In meccanica razionale, un fluido in moto è definito in ogni punto da un campo delle velocità e si indicano con il nome di vortice quelle regioni del campo in cui il vettore rot v è diverso da zero. In un campo rotazionale si definisce come linea vorticosa la linea inviluppo delle tangenti al vettore rot v e come tubo vorticoso lo spazio racchiuso dalle linee vorticose che si appoggiano a una linea chiusa.
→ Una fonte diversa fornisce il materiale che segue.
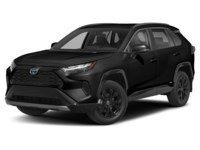 2022 Toyota RAV4 Hybrid Hybrid SE AWD Midnight Black Metallic  Shot 14
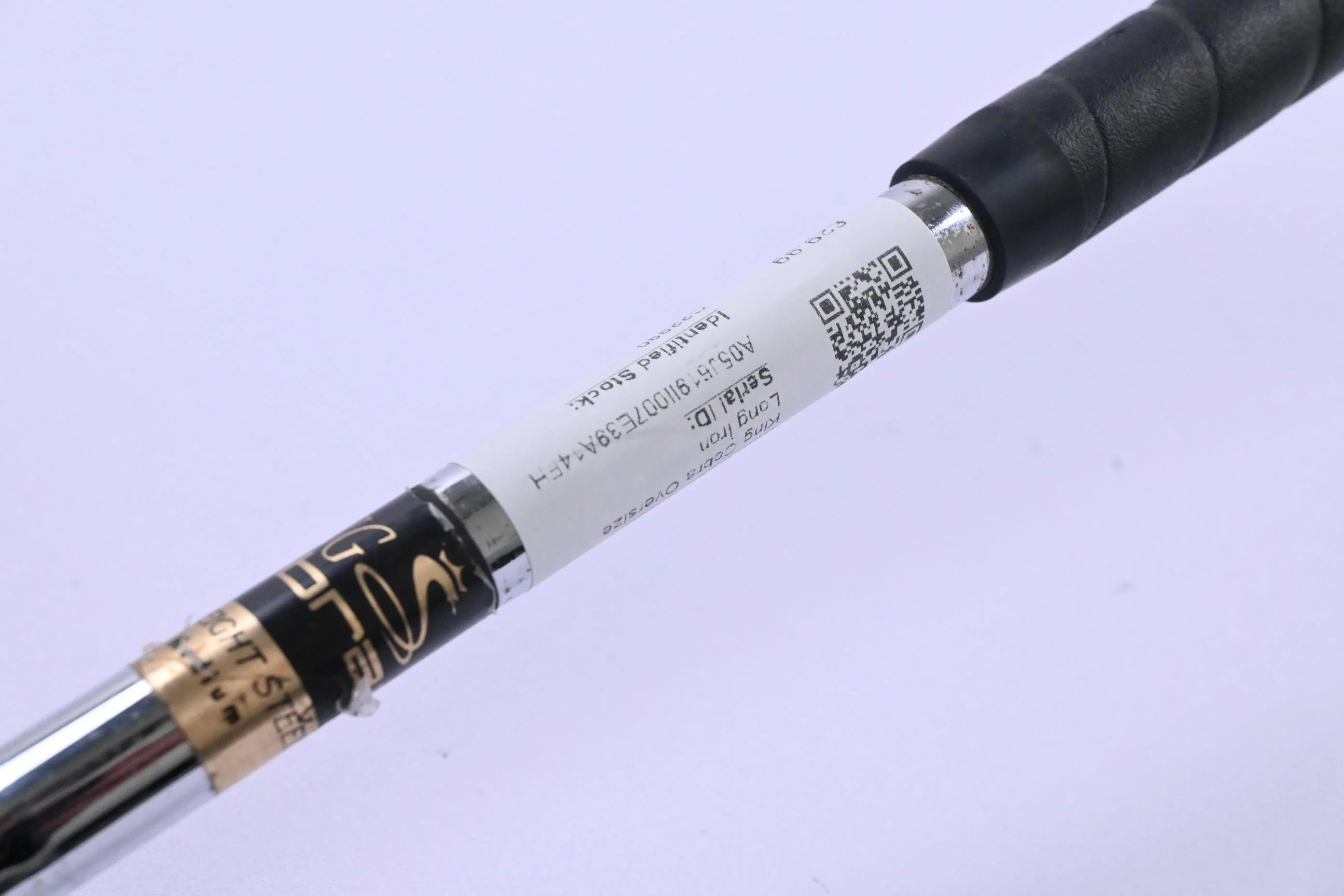 Cobra King Cobra Oversize #4 Iron / 23 Degree / Regular Flex King Cobra Shaft - Image 5
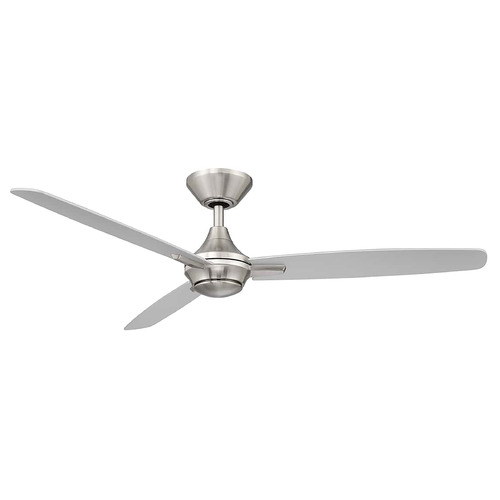 WAC Lighting Blitzen 54-Inch Fan in Brushed Nickel by WAC Lighting F-060-BN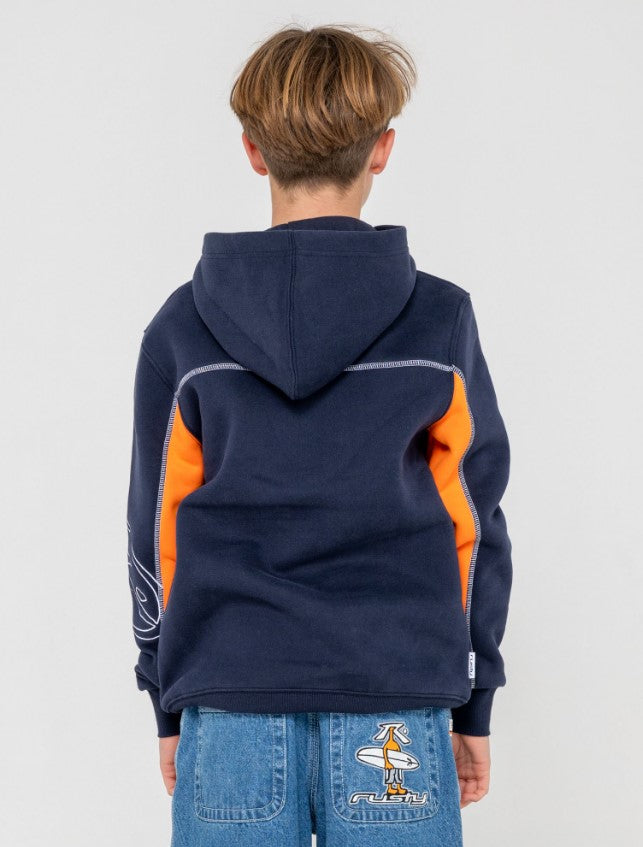 Rusty Titan Hooded Fleece Boys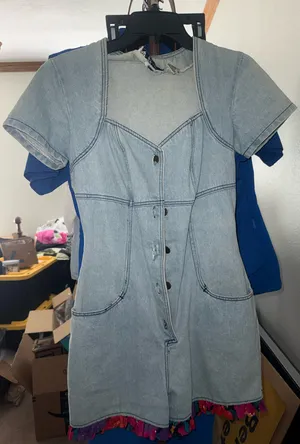 denim romper Multiple Size M thumbnail 1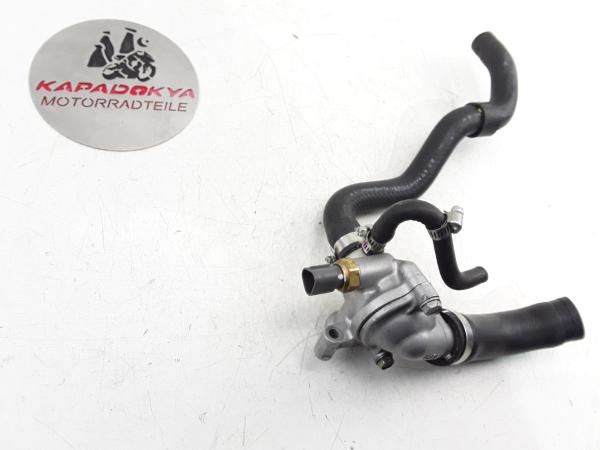 Honda CBR 1000 RR SC57 Bj. 04-07 Thermostat Kühlwasserthermostat Schlauch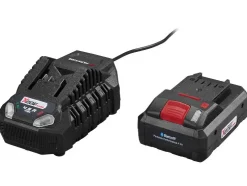 Accu-kruislijnlaser 20 V met accu en lader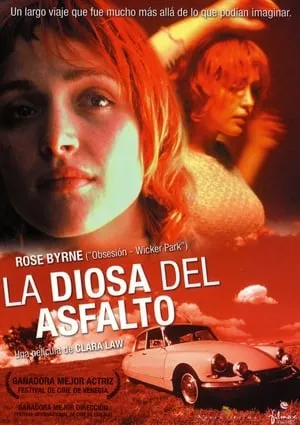 La diosa del asfalto portada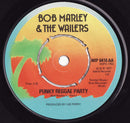 Bob Marley & The Wailers : Jamming / Punky Reggae Party (7", Single)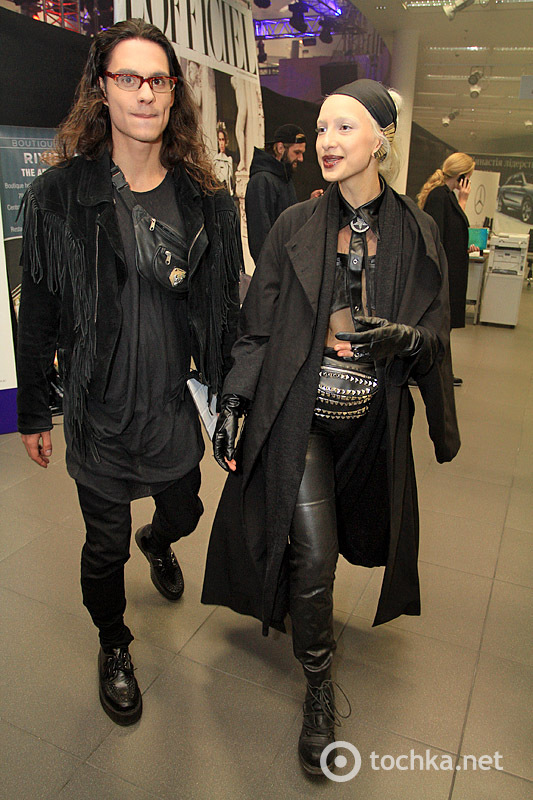 Гости Mercedes-Benz Kiev Fashion Days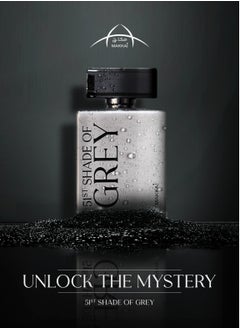 MAKKAJ 51ST SHADE OF GREY EDP 100ML  - Image 3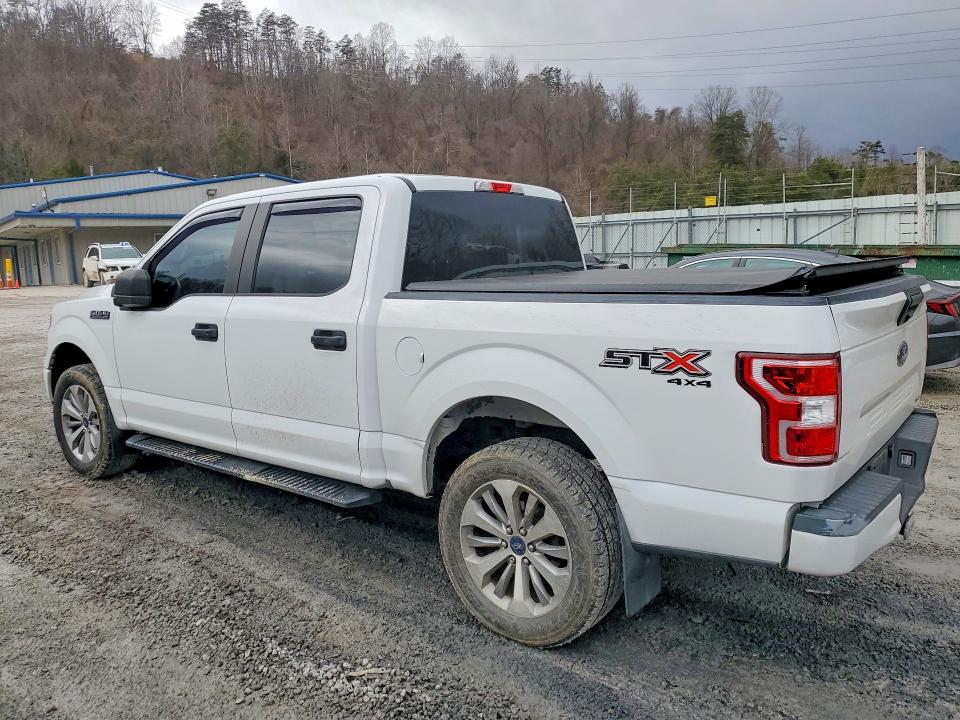 Фото 2 с аукциона – 2018 FORD F150 с VIN 1FTEW1EP8JFC70348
Si definisce come intensità del tubo vorticoso il flusso del vettore rot v attraverso una sezione del tubo stesso.

Aerodinamica: generalità

I fenomeni vorticosi assumono particolare importanza nell'aerodinamica, in quanto caratterizzano i moti rotazionali dell'aria stessa che sono alla base della genesi della portanza. Infatti la portanza si può spiegare in base alla teoria di Prandtl, con la sovrapposizione del campo cinetico di un vortice piano e di una corrente traslatoria nel medesimo piano. Oltre che giustificare l'esistenza della portanza, schematizzando l'ala come un vortice portante o come un complesso di vortici aderenti, la teoria di Prandtl consente di valutare la resistenza indotta dell'ala grazie ai vortici che popolano la scia (scia vorticosa) che l'ala lascia dietro di sé. Tale scia è delimitata lateralmente dai vortici d'estremità che si staccano dalle estremità dell'ala stessa, in conseguenza della sovrapposizione della corrente traslatoria che investe l'ala con la corrente rotatoria che si stabilisce attorno alle estremità in questione, a causa del deflusso dell'aria dalle zone a pressione più elevata a quelle a minor pressione, cioè dal ventre al dorso dell'ala. Fenomeni vorticosi vengono pure considerati nello studio di eliche e rotori e nel manifestarsi di condizioni di separazione di flusso; essi consentono di definire le caratteristiche delle scie che si formano a valle di ostacoli investiti da correnti fluide, potendo essere all'origine di impulsi alternati con cui la corrente stessa è in grado di eccitare oscillazioni negli ostacoli da essa investiti, come si verifica nel caso di scie popolate da vortici alterni (scia vorticosa di Kármán), e assumendo quindi particolare importanza nello studio dell'aeroelasticità (v. anche aerodinamica).

Aerodinamica: generatore di velocità

Piccole superfici, generalmente a pianta rettangolare, che vengono applicate ad ali, impennaggi o fusoliere su cui occorra variare le caratteristiche dei fenomeni di separazione di flusso (per esempio lo stallo). Disposti normalmente alle superfici interessate e calettati ad angoli di incidenza ragguardevoli (attorno ai 45º), i generatori di vortici (usualmente raccolti in una o più schiere orientate per lo più normalmente alla direzione del flusso, nel caso di fusoliere, o parallelamente al bordo d'attacco delle ali o degli impennaggi cui sono applicati) comportandosi come piccole ali producono con i loro vortici d'estremità un energico rimescolamento dello strato limite, fornendo all'aria più lenta, che più da vicino lambisce la superficie cui i generatori sono applicati, energia prelevata dalla corrente più esterna, che possiede più elevata velocità.